↓↓↓
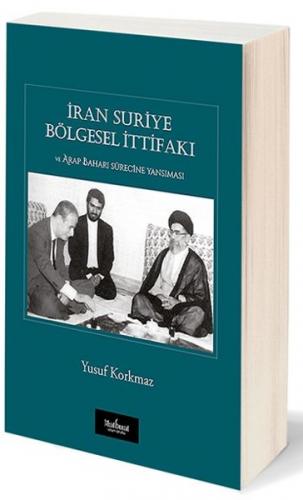 Kurye Kitabevi - İran Suriye Bölgesel İttifakı ve Arap Baharı Sürecine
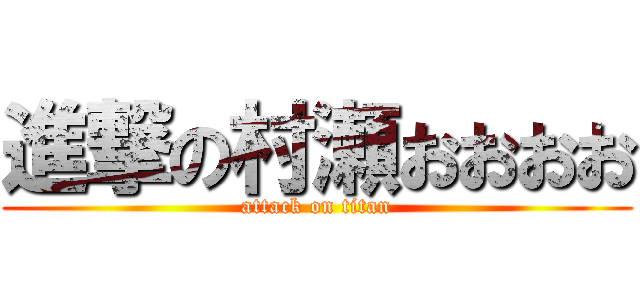 進撃の村瀬おおおお (attack on titan)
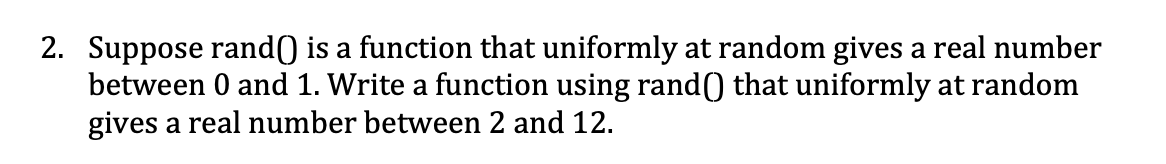 2. Suppose rand() is a function that uniformly at random gives a real number
between 0 and 1. Write a function using rand0 that uniformly at random
gives a real number between 2 and 12.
↑↑↑
What you have to do —
With the images removed, give back every entry exactly as shown.

Output below —
 Kurye Kitabevi - İran Suriye Bölgesel İttifakı ve Arap Baharı Sürecine
 進撃の村瀬おおおお (attack on titan)
 2. Suppose rand() is a function that uniformly at random gives a real number
between 0 and 1. Write a function using rand0 that uniformly at random
gives a real number between 2 and 12.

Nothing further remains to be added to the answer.